To make sense of these surprises in the biological context of the swimming marlin, we put this information about mechanical properties into a mental, conceptual model of what we thought might be going on inside the marlin. Our guess was that as marlin increased swimming speed, the vertebral column would be adjusting its mechanical behavior, switching gradually from a spring to a spring with a brake. This spring-and-brake mechanism is exactly how the shock absorbers in your car work, with the spring resisting the initial bump, giving way gently, and then returning the wheel to its place on the road. At the same time, the brake, or what we call a dashpot in a shock absorber, uses fluid to dampen the spring’s motion, keeping the spring from bouncing the car vertically after that first bump.

Sounds reasonable, doesn’t it? We’ve only one problem: a backbone in my machine doesn’t necessarily act like one in a dynamically operating animal. That problem is what drove us to Hawaii in search of underwater footage of swimming marlin. We wanted to see how living marlin moved their bodies, how fast they beat their tails, and how much they bend their backbones. Knowing this would let us make a good guess about how the vertebral column is operating during swimming, but it still wouldn’t let us measure the backbone directly as it bent nor evaluate how the muscles responsible for driving the bending do their work. Nor, for that matter, would we be gauging the complex forces from the surrounding water interacting with the undulating body.

The blue marlin is the poster child for problems with the biomechanical approach. And it wasn’t that we were stymied just because we couldn’t bring the fish into the lab to implant measuring devices. Even if we could, problems would remain. For example, when we try to directly measure the forces that bend the vertebral column of living, swimming sharks, we find that the surgery needed to carefully implant the strain gauges on the skeleton disrupts the surrounding muscle, leaving us unsure whether we have changed the way the shark moves. What’s more, the measurements remain somewhat crude: Elizabeth Brainerd and Bryan Nowroozi of Brown University have used real-time CAT scans to show that many of the motions of a fish’s intervertebral joints are subtle enough that they are still difficult to measure accurately.

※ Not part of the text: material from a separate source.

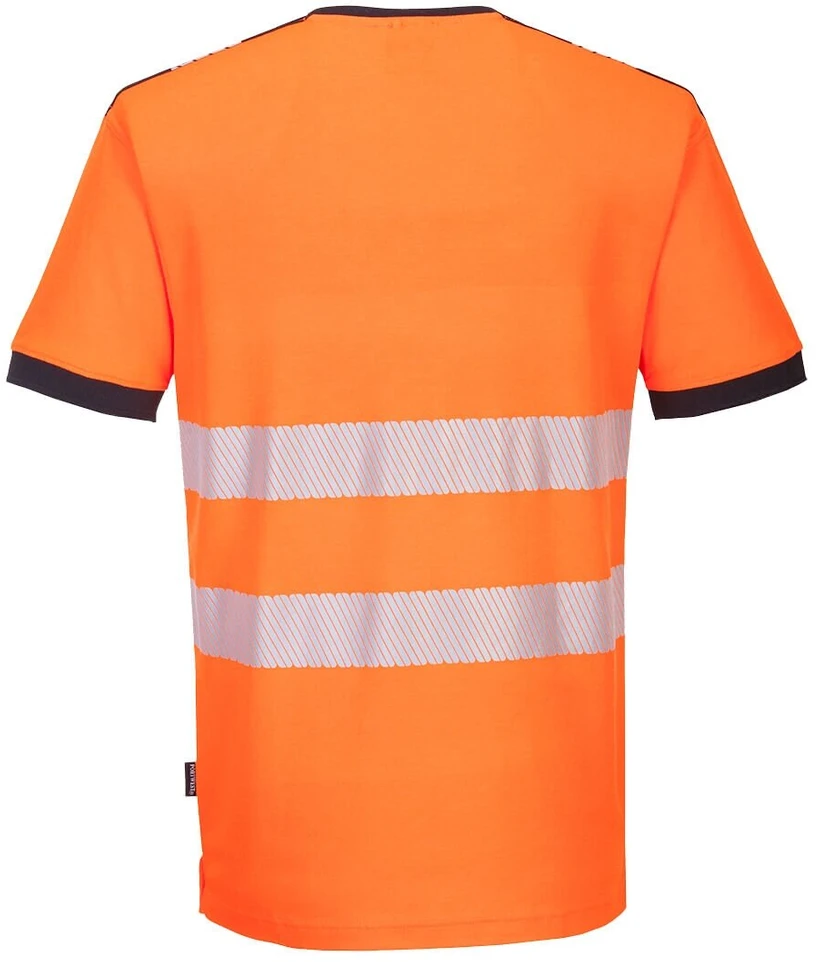 Gero matomumo PORTWEST PW310 sportiniai marškinėliai su V apykakle, Dydis: XXL, Pw spalvos: Oranžinis/Juodas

At this point the best model of a marlin backbone is not a marlin backbone. Because we couldn’t study it any further in the living fish, we were left with three choices. One: quit and do another project. As depressing as that sounds, sometimes it is the only practical alternative. In the hopes of finding a species that works really well for answering a ton of different questions (which would make it a “model organism”), switching species is a common response. Two: try to build a new instrument or experimental procedure to answer the question. For the stubborn and electromechanically minded, this is often a way to work out your frustrations and keep busy while you come to grips with the fact that you really, truly are stuck. Three: build a model of your fish. For those of us who need to keep writing papers so that we can earn tenure and win research grants, this is the way to go—we model.